# Big Foot Lessers



## Derek Lampert (Jul 8, 2009)

Anybody got any info on these decoys. Price, Pictures, Date????


----------



## beakbreakers (Apr 24, 2010)

i think cabelas is the only ones that will carry them this fall. they do look nice though!

http://www.cabelas.com/cabelas/en/templ ... hasJS=true


----------



## greatwhitehunter3 (Sep 15, 2006)

The feet on them are just as big as the decoy...I'm not a fan.


----------



## hoss711 (Dec 27, 2009)

The reason the feet are so big is to keep them stable in windly conditions. I think they look ok but don't like the price for a lesser decoy.


----------



## richrob (Apr 4, 2010)

Lifesized, not lesser. Cabelas had them for $129/6 not that long ago.


----------



## beakbreakers (Apr 24, 2010)

greatwhitehunter3 said:


> The feet on them are just as big as the decoy...I'm not a fan.


if i remember reading right the feet are interchangeable with the standard size bigfoots. they do look a bit big on them though


----------



## dsm16428 (Feb 19, 2009)

I think you're talking about the Big Foot Lifesize B2's that just came out about a week and a half ago? They are a Cabela's exclusive item right now and they run $159.99 for six. They (Cabela's) just put out a promo for $20.00 off the purchase of $150.00 or more, so now you can get em for what I consider to be what they should cost normally, $139.99 for six.


----------



## DD_lessers (Sep 26, 2011)

hoss711 said:


> The reason the feet are so big is to keep them stable in windly conditions. I think they look ok but don't like the price for a lesser decoy.

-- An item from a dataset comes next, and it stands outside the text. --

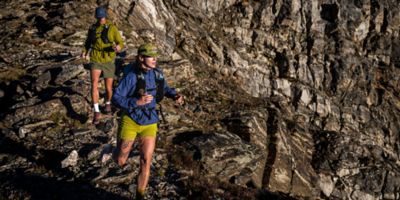Two runners trail running in the Kor AirShell hoody in the high alpine.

i thought that the price is awesome $120 for 6 thats good


----------



## teamflightstoppersND (Feb 20, 2009)

Yes these are the same feet as the original big foots

These B2 decoys are the same size as avery and zink full body decoys, not lesser size

They were just on sale for 120 per six but are back up to 140, With a coupon a guy can still get a good deal.



beakbreakers said:


> greatwhitehunter3 said:
> 
> 
> > The feet on them are just as big as the decoy...I'm not a fan.
> ...


----------



## canes1123 (Aug 27, 2011)

How is the paint holding up?


----------



## Myles J Flaten (Jan 31, 2008)

I haul b2s using the "stack method" The paint is fine and holds up decent, but not as well as the originals imo. For the money they are really well made decoys.


----------



## canes1123 (Aug 27, 2011)

sounds good, thanks Myles.


----------



## teamflightstoppersND (Feb 20, 2009)

I put a pillow case around each deek and mine look as good as new! All my originals have a sock over their heads.


----------



## xTrMWtRFwLr (Jul 28, 2009)

I just purchased 6 dozen of the B2's two months ago and have hunted them pretty hard in our early season. We normally just do the throw and staking method in the trailer and so far they are holding up pretty damn good. The only complaint that I have so far is the heads seem to fall off pretty damn easy. We might just end up using an epoxy compound to glue them on so they wont fall off. The paint on the bodies are great no sign of any wear at all on them. To compare them to any other FB decoy I would say they are the same size as the GHG Progrades and Hunter Series decs. They are a little bigger then the lessers made by GHG. The one thing that I like most about them is I dont have to worry about stakes and bagging them after every hunt, just throw and stack and your on your way. :beer:


----------